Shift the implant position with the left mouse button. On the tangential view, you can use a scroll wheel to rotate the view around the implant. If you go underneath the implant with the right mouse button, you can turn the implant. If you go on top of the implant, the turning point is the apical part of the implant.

---

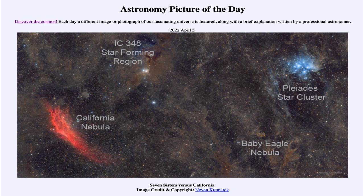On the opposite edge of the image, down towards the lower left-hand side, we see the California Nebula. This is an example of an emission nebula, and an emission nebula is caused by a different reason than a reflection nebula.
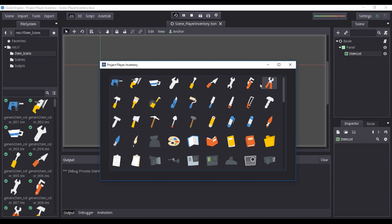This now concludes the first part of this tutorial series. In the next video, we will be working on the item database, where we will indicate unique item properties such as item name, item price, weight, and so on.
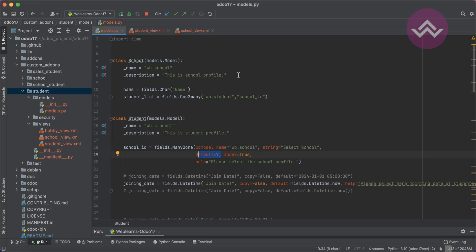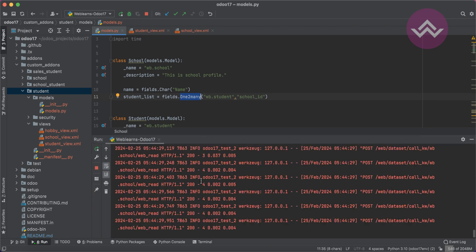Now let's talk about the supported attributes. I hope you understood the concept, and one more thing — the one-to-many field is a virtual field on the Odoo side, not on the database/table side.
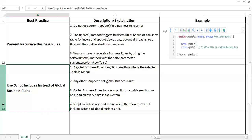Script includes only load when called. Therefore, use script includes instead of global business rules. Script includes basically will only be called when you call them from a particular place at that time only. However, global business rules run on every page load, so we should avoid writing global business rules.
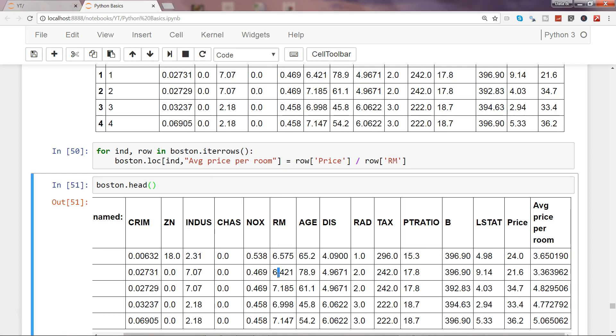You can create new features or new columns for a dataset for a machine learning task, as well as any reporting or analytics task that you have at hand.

◆ **GOAL OF THE EXERCISE**:
Set down word for word the lines above from the one with "Now let's talk" up to and including the one with "You can create". Omit every picture.

◆ **COMPLETED TASK**:
Now let's talk about the supported attributes. I hope you understood the concept, and one more thing — the one-to-many field is a virtual field on the Odoo side, not on the database/table side.
Script includes only load when called. Therefore, use script includes instead of global business rules. Script includes basically will only be called when you call them from a particular place at that time only. However, global business rules run on every page load, so we should avoid writing global business rules.
You can create new features or new columns for a dataset for a machine learning task, as well as any reporting or analytics task that you have at hand.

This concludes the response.